There are myriad reasons the Twins suck eggs this season. Some of them are surprising — Miguel Sano's missing power, Eddie Rosario's plummeting batting average, Brian Dozier's inability to find his first-half-of-2015 form — and some decidedly less so — Kurt Suzuki and Danny Santana locked in a two-man out-making contest, Tommy Milone's daily battle to register his fastball on the radar gun, Byron Buxton's early struggles adjusting to major-league pitching.

When your favorite team has lost three times as many games as it's won, it becomes much easier to countenance the former than the latter: unusual failure feels fluky, or at least potentially fluky, and gives us desperate fans (largely irrational) hope that perhaps the Twins are just in need of some good luck.

But when a team fails in a predictable, obvious way that every fan seemed to see coming before the season started, that's a little more irksome.

I'm speaking of our shambolic outfield defense.

When the Twins elected to move Miguel Sano — a Man Mountain who many believed could only handle first base defensively — to right field, effectively replacing the sure-handed Aaron Hicks with a near-rookie who'd never played on the grass, it was easy to feel uneasy.

Sano's move to right made the 9-spot on the lineup card look like a defensive liability. But on Opening Day we had Buxton in center and Rosario in left — two defensive stalwarts that could paper over Sano's inexperience in the corner. Buxton looked like a potential Gold Glove-winner in his limited time (and the projection systems seemed to agree) and Rosario excelled with the mitt in left last year; perhaps this would not be a disaster.

Except that, even before they both struggled mightily at the plate in 2016, there were legitimate causes for concern for both Rosario and Buxton — causes for concern that would force Molitor to bench/demote them and install different hitters (and worse fielders) in their stead.

For Buxton, those concerns were evident right away. The (former) game's top prospect whiffed continuously last season and looked consistently overmatched. Personally, I am still bullish on him; he's 22, he hasn't had many minor league at-bats and he's raked at every level but the bigs. But it is not surprising that he didn't mash to start the year.

Rosario had a flashy yet actually-average season at the plate last year — an OPS+ of 101 and a slash line (AVG/OBP/SLG) of .267/.287/.459 — with obvious flaws in his game. If that slash line didn't already give up the jig, Rosario really struggled to get on base. The rookie walked 15 times and struck out 118 times. That's not a good ratio.

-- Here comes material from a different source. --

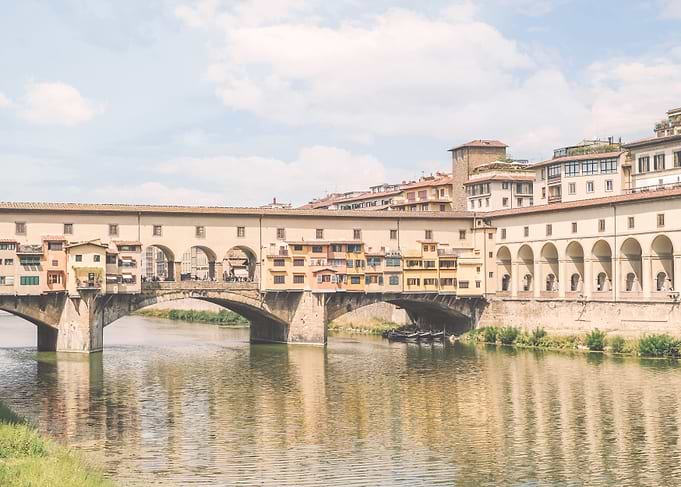 Florence, Italy I Pastel Ponte Vecchio on Arno to experience dolce vita in Tuscany in sunny to retro vintage atmospherewith an Italian summer yellow sunny aesthetic like an old Mediterranean village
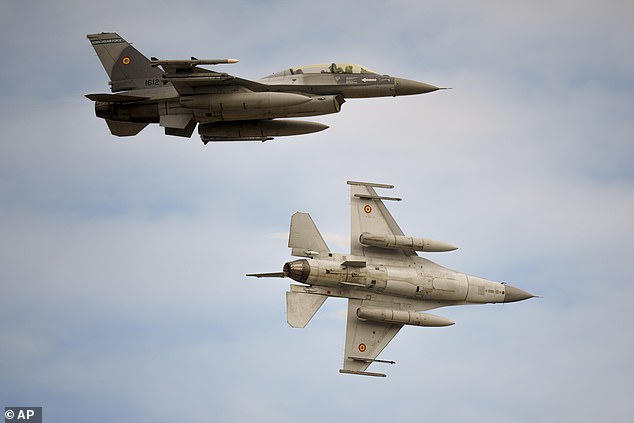 File photo. Romanian air force F-16 fighter planes fly above the Baza 86 military air base, outside Fetesti, Romania, Monday, Nov. 13, 2023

2015 Rosario's BABIP was .332, a number that augured poorly for 2016. Sure enough, in his second year Rosario's batting average on balls in play is .229 and he still can't draw a walk (three bases-on-balls and 29 K's through 31games).

As always, his true talent probably lies somewhere between his 2015 and 2016 production. But Rosario is not worth putting in left if he hits like this — which is unfortunate, because he can actually field. According to Baseball Prospectus, Rosario was worth 12.6 Fielding Runs Above Average last season in 122 games and has already been worth 3.2 to the positive thus far this year. Our outfield is an imperfect bunch, to say the least: we boast a collection of outfielders who can all do one thing quite well but then one other thing not quite so well. With an outfield like this, depth is key.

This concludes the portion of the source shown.